In addition, as shown in the modification of Example 1 of FIG. 3, when the stirring tank 2 is a deep bottom type or a large size, for the purpose of absorbing gas from the gas phase portion, or for dissolving light powder or solid matter. In the case of disassembling or disassembling, the stirring device 1 further forms an inner peripheral surface baffle 6 extending vertically on the inner peripheral surface 2b in the stirring tank 2 and a downward flow on the upper part of the rotating shaft 3. An axial flow type auxiliary stirring blade 7 is provided.

In this embodiment, even when the stirring tank 2 is of a deep bottom type or large size, for the purpose of absorbing gas from the gas phase portion, or when light powder or solid matter is dissolved or decomposed. The auxiliary stirring blade 7 and the inner peripheral surface baffle 6 can create a downward flow that sends light powder or solid matter downward in the upper part of the tank 2, so that a circulating flow is formed in the entire tank. Also, at the bottom, it can be agitated by the strong shearing force generated between the inner side 5a of the bottom stationary blade 5 and the outer side 4b of the bottom impeller 4, so that low power can be achieved. Become.

Example 2 of the present invention will be described with reference to FIG.

FIG. 4 is a vertical sectional view of the stirring device 8 according to the second embodiment of the present invention.

In the stirring device 8 of the second embodiment, a gas discharge port 9 is provided at the center of the inner bottom surface 2a of the stirring tank 2 of the stirring device 1 of the first embodiment, and a ventilation pipe 10 is provided in the gas discharge port 9. Communicate.
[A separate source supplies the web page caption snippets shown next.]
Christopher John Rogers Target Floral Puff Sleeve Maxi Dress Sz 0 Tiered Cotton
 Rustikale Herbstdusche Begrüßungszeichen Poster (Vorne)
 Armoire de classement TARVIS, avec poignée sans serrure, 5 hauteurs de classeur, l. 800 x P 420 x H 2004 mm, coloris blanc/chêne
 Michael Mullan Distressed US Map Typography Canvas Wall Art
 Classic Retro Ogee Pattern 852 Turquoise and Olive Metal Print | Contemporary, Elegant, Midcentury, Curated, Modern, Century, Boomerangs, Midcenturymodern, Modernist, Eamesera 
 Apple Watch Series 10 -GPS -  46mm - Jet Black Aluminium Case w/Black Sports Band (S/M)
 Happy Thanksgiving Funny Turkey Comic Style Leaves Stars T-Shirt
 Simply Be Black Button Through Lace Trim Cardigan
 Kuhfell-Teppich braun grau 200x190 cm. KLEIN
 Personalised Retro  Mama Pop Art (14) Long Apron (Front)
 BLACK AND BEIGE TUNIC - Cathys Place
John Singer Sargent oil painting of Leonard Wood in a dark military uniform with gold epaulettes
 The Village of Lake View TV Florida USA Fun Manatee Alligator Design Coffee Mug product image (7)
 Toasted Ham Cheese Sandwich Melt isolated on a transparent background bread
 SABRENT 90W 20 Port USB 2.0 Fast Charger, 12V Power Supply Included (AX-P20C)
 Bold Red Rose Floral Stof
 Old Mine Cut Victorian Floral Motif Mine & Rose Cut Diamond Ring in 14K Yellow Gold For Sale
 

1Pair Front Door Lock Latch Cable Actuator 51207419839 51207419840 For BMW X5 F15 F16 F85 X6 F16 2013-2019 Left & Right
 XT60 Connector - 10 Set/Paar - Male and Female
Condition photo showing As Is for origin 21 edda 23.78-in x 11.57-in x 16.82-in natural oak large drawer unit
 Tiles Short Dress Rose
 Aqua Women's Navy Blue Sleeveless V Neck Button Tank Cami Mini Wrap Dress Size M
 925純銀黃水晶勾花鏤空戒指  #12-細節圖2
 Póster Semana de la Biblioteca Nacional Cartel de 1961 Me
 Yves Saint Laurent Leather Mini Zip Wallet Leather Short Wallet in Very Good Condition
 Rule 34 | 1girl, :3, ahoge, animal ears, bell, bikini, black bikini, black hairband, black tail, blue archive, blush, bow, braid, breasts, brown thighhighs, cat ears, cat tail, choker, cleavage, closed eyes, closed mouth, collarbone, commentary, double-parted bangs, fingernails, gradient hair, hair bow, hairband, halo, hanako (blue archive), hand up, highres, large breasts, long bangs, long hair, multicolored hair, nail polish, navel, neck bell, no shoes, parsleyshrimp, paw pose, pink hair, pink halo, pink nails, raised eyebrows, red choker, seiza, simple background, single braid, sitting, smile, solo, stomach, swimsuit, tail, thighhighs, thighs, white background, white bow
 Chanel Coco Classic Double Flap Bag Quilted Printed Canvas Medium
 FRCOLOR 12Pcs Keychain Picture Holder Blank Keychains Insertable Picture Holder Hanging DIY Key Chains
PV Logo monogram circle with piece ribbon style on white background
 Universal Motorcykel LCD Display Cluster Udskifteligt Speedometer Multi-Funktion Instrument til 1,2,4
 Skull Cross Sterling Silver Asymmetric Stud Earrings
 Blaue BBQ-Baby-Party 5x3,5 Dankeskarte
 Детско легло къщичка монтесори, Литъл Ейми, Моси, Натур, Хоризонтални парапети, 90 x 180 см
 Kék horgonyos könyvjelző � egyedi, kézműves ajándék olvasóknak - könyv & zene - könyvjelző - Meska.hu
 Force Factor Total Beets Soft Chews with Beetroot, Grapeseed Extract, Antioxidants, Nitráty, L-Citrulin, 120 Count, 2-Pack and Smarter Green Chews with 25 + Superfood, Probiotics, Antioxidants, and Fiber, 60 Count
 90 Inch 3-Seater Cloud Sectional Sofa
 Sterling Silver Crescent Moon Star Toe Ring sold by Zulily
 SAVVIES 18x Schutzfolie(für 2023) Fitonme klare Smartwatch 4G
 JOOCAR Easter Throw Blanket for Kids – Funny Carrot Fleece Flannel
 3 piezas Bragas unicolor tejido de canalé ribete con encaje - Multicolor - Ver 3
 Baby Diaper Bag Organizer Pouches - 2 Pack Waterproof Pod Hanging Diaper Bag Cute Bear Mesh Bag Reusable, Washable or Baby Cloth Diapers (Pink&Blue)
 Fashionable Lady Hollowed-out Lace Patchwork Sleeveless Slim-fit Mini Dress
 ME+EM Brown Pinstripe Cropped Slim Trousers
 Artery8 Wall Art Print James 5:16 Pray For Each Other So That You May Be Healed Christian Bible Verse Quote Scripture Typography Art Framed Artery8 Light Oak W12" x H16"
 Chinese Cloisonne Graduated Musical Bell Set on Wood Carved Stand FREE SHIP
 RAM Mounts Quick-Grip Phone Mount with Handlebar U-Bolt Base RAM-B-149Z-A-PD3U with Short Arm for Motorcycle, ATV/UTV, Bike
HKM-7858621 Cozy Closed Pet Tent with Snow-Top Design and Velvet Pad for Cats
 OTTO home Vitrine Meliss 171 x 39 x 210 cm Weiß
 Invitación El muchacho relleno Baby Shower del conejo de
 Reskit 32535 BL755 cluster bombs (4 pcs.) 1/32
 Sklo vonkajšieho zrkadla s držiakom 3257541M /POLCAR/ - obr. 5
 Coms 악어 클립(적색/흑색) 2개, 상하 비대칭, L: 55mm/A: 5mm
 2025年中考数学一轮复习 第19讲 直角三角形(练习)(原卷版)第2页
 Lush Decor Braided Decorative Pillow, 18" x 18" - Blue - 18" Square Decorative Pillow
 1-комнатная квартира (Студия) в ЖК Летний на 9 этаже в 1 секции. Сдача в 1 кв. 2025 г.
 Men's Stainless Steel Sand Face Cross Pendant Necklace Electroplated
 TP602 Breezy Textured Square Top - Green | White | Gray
The operation and effect of the stirring device 8 of the second embodiment will be described.

In the case of gas-liquid stirring, after the liquid is filled in the stirring tank 2 to a predetermined level, the gas is discharged from the ventilation pipe 10 into the stirring tank 2, and the bottom impeller is operated by the rotating shaft 3. Rotate 4.

With the rotation of the bottom impeller 4, the liquid forms a circulating flow in the stirring tank 2 as described in the stirring device 1 of the first embodiment, and the stirring tank 2 is formed from the gas discharge port 9. The gas discharged inside is drawn between the inner side 5a of the bottom stationary blade 5 and the outer side 4b of the bottom impeller 4, and the inner side 5a of the bottom stationary blade 5 and the outer side of the bottom impeller 4 are drawn. Due to the strong shearing force generated between 4b and 4b, the gas is diffused, gas is efficiently dispersed, and high gas absorption performance is exhibited.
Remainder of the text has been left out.